# [EXERCISE]
Look for the line with "LV路易威登Run 55 运动鞋拼合网格面料、橡胶和粘胶等科技材质，搭配牛皮革材质，共同洋溢运动格调。Monogram"; please transcribe it and every later line in the entries exactly, up to the end, leaving pictures out.

---- DATASET RECORDS

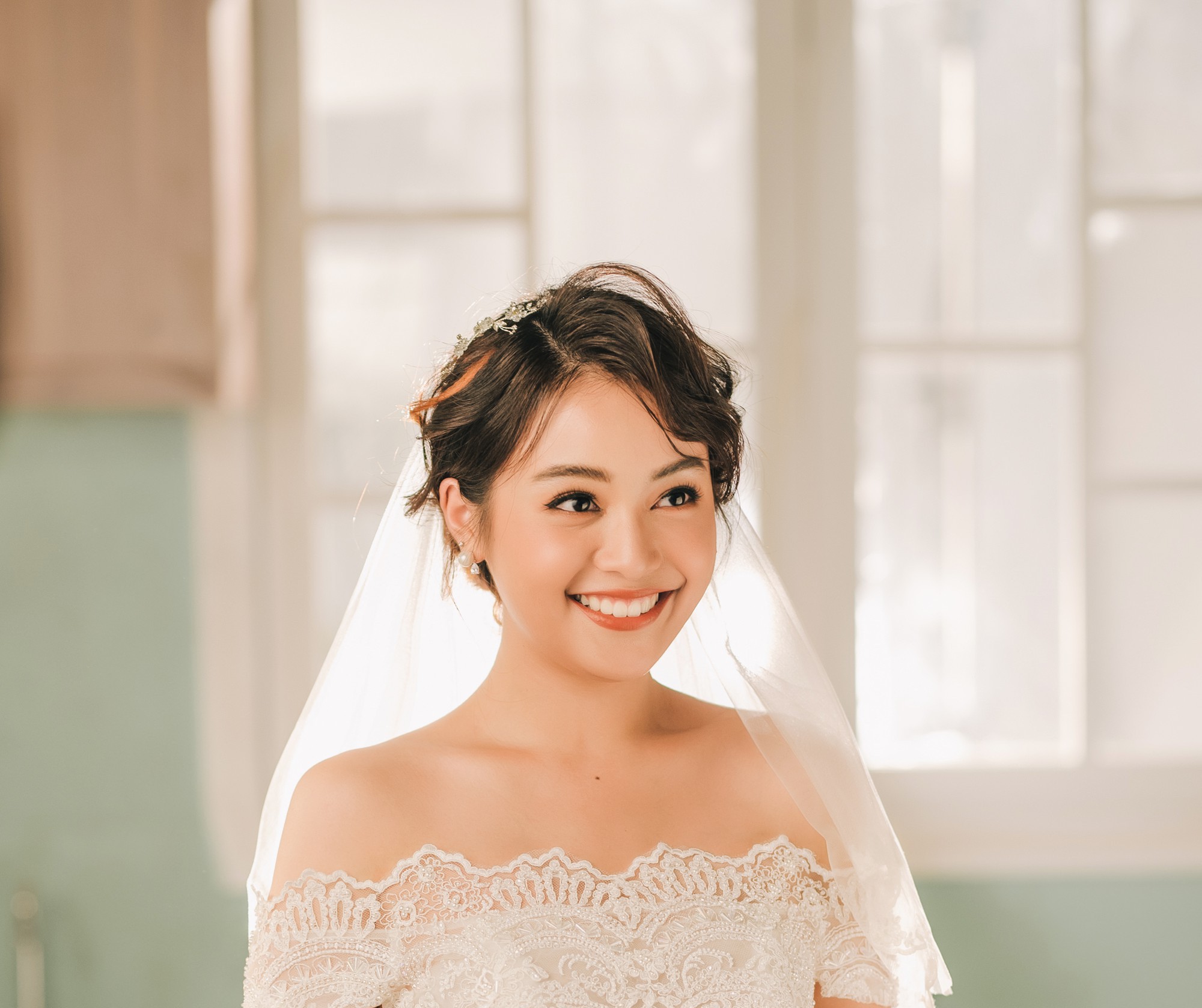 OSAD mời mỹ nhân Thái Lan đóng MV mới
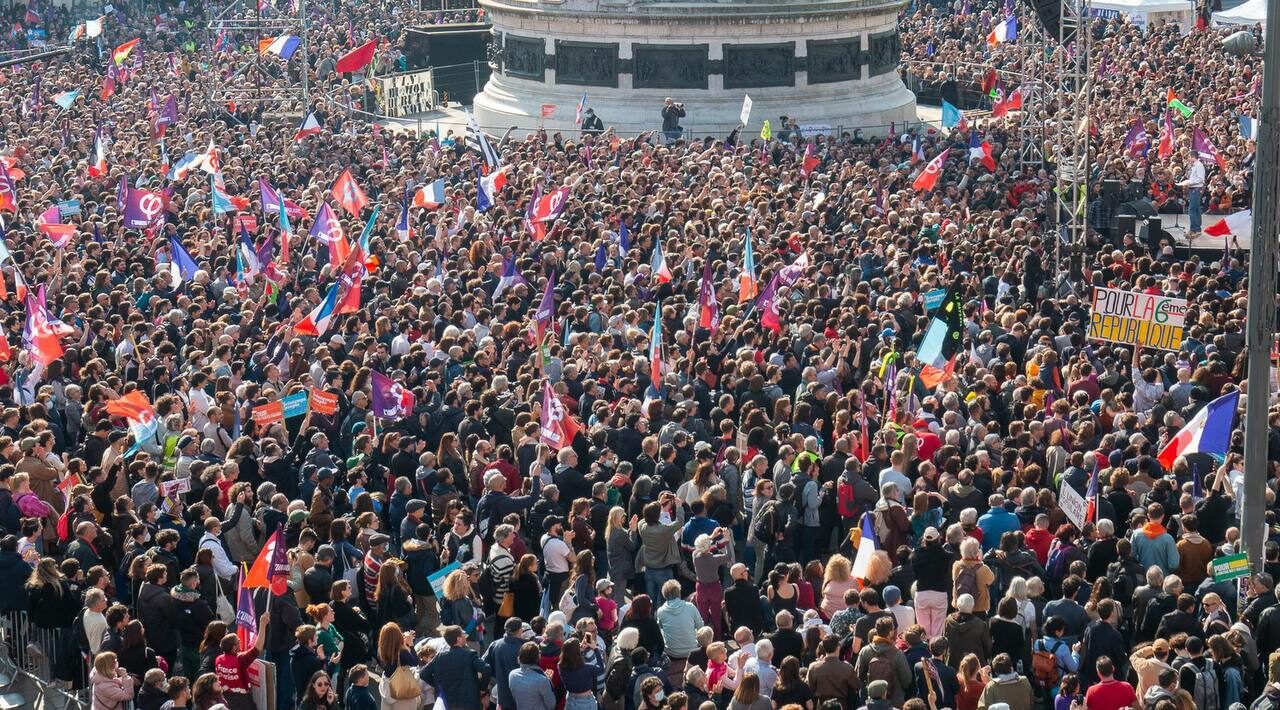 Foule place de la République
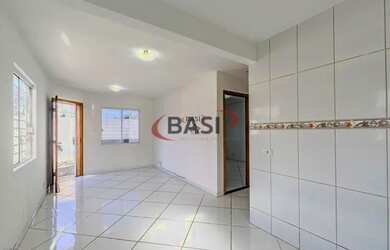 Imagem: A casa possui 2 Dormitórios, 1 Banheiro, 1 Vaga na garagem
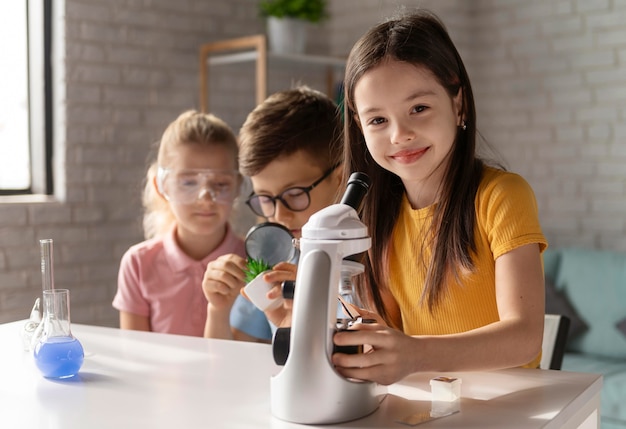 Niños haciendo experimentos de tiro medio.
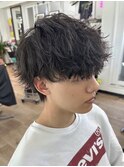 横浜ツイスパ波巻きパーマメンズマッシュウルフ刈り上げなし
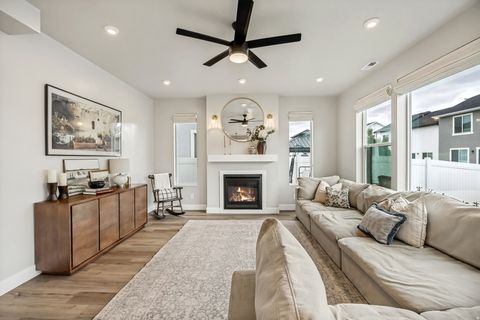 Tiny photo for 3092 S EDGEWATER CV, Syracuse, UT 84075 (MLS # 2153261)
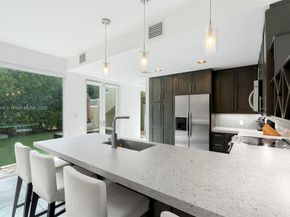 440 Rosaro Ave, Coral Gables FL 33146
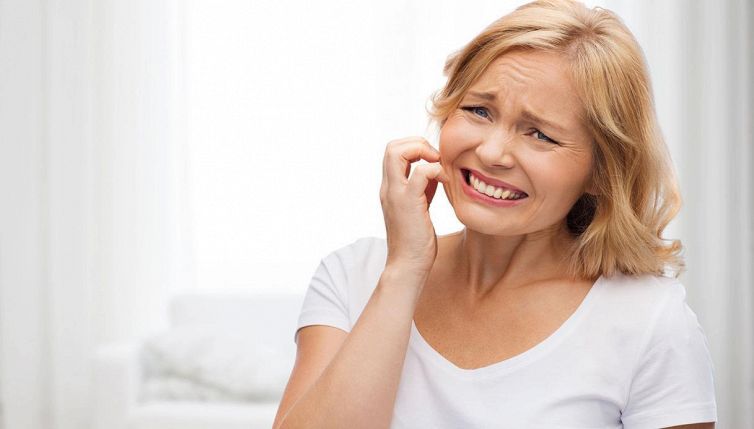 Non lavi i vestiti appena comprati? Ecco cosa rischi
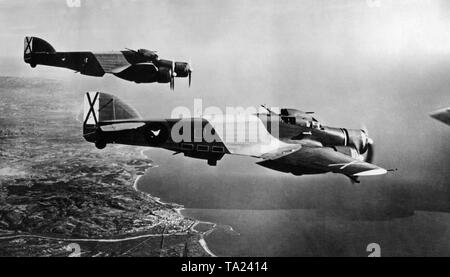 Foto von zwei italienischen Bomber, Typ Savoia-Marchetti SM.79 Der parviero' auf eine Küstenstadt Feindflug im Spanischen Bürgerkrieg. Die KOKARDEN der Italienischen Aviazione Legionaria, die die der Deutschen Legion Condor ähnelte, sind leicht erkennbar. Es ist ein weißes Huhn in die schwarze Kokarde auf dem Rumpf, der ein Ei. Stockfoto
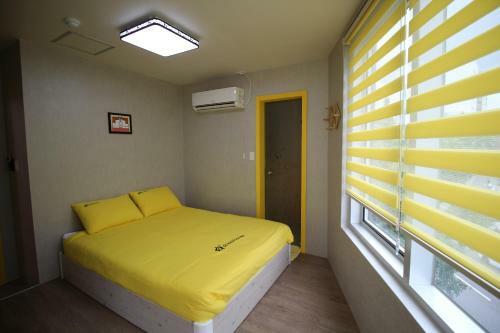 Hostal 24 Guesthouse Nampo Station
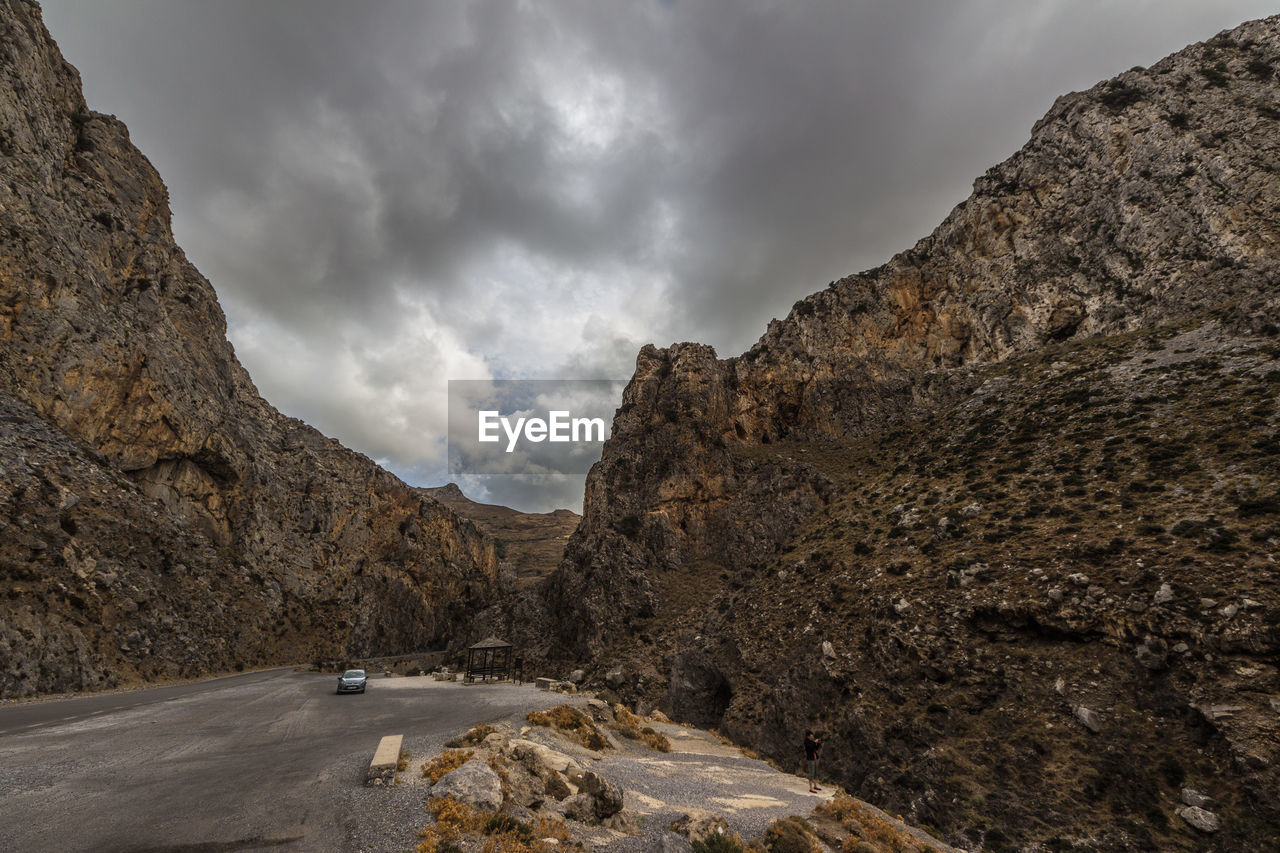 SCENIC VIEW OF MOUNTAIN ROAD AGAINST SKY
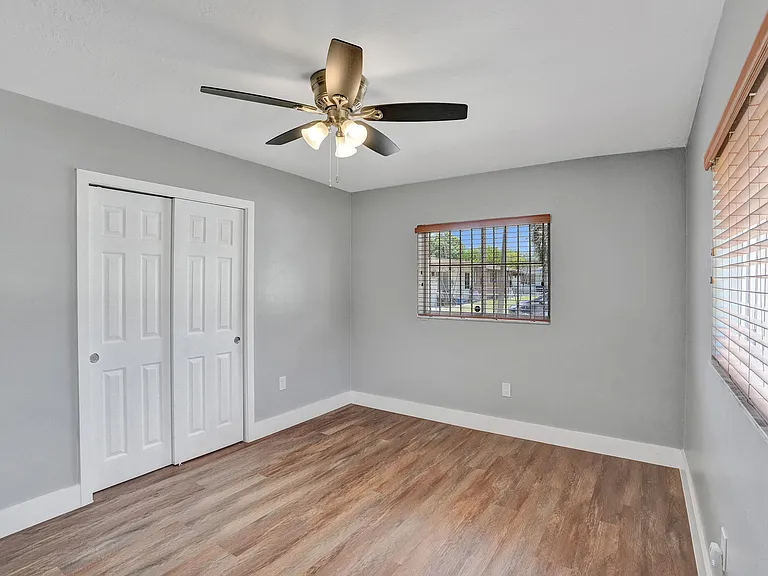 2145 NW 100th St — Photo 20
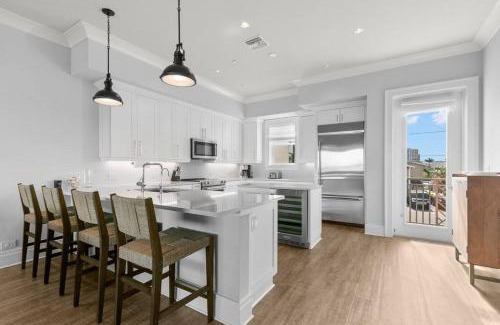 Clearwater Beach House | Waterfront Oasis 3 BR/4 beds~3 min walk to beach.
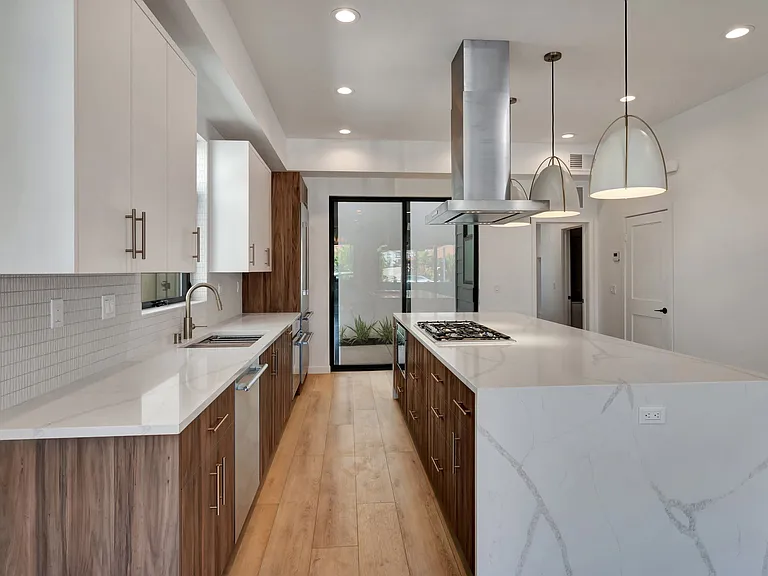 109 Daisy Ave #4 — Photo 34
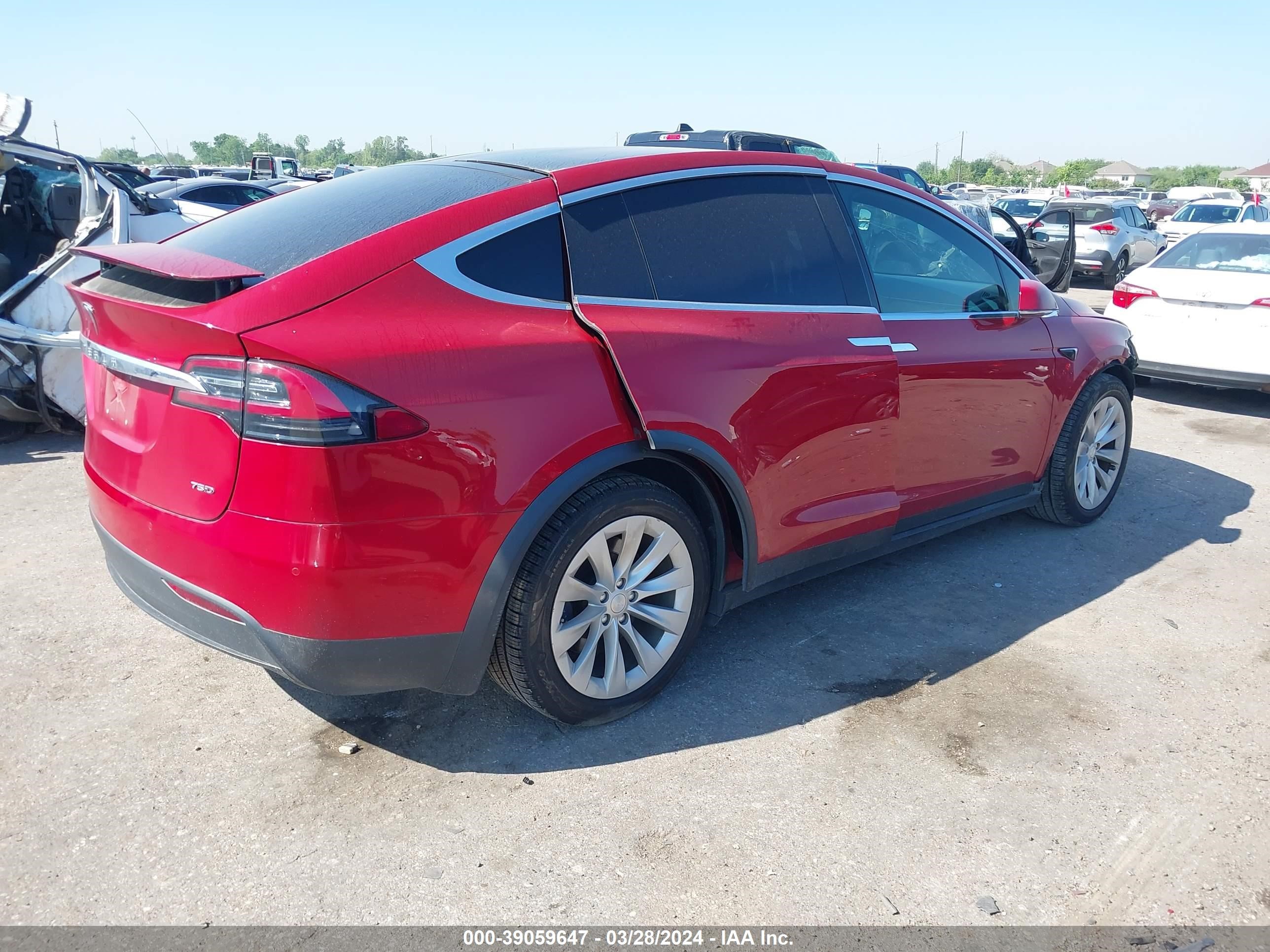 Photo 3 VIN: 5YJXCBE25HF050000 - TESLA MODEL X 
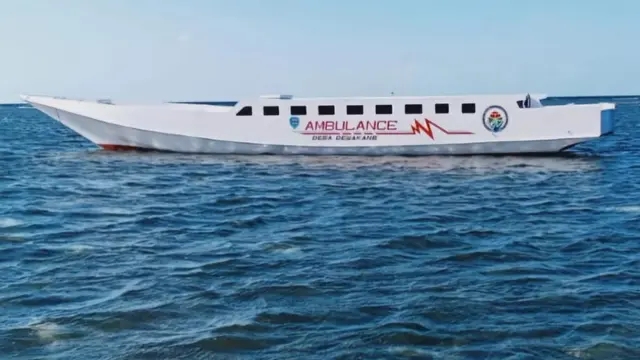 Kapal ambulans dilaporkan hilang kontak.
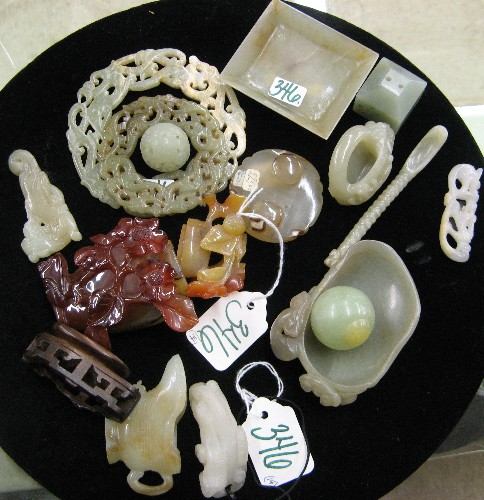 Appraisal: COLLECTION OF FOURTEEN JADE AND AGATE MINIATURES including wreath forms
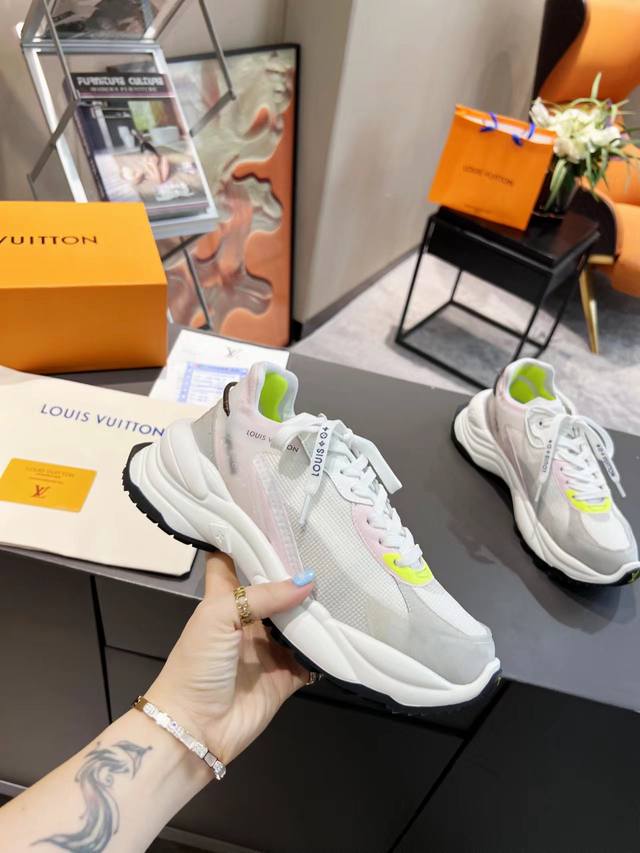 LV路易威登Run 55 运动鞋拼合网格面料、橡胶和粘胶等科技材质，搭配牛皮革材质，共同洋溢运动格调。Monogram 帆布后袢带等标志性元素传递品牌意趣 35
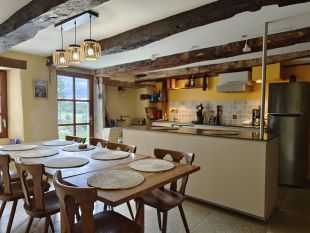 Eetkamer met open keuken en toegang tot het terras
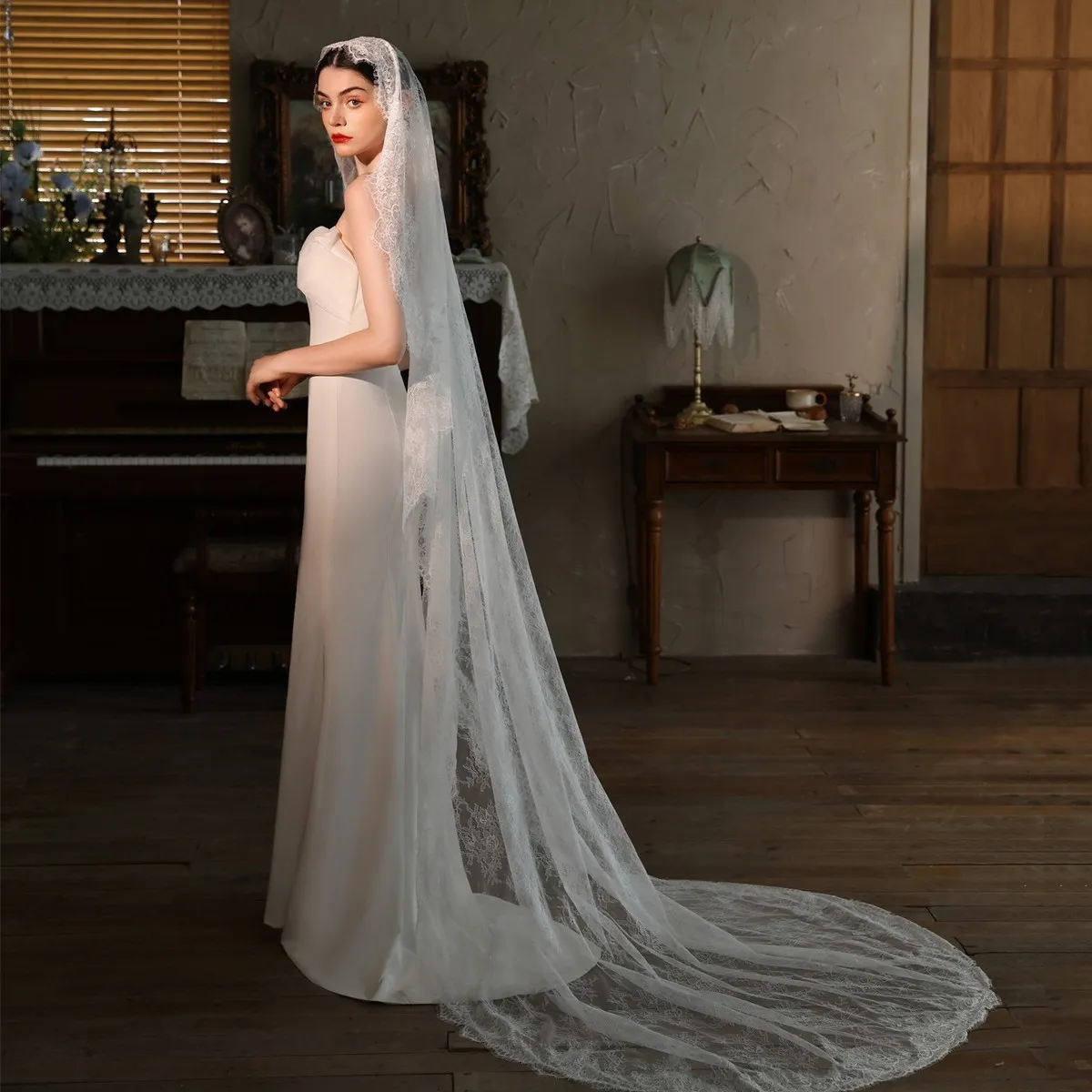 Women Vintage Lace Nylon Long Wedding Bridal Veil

--------

# [ANSWER TO THIS EXERCISE]
 LV路易威登Run 55 运动鞋拼合网格面料、橡胶和粘胶等科技材质，搭配牛皮革材质，共同洋溢运动格调。Monogram 帆布后袢带等标志性元素传递品牌意趣 35
 Eetkamer met open keuken en toegang tot het terras
 Women Vintage Lace Nylon Long Wedding Bridal Veil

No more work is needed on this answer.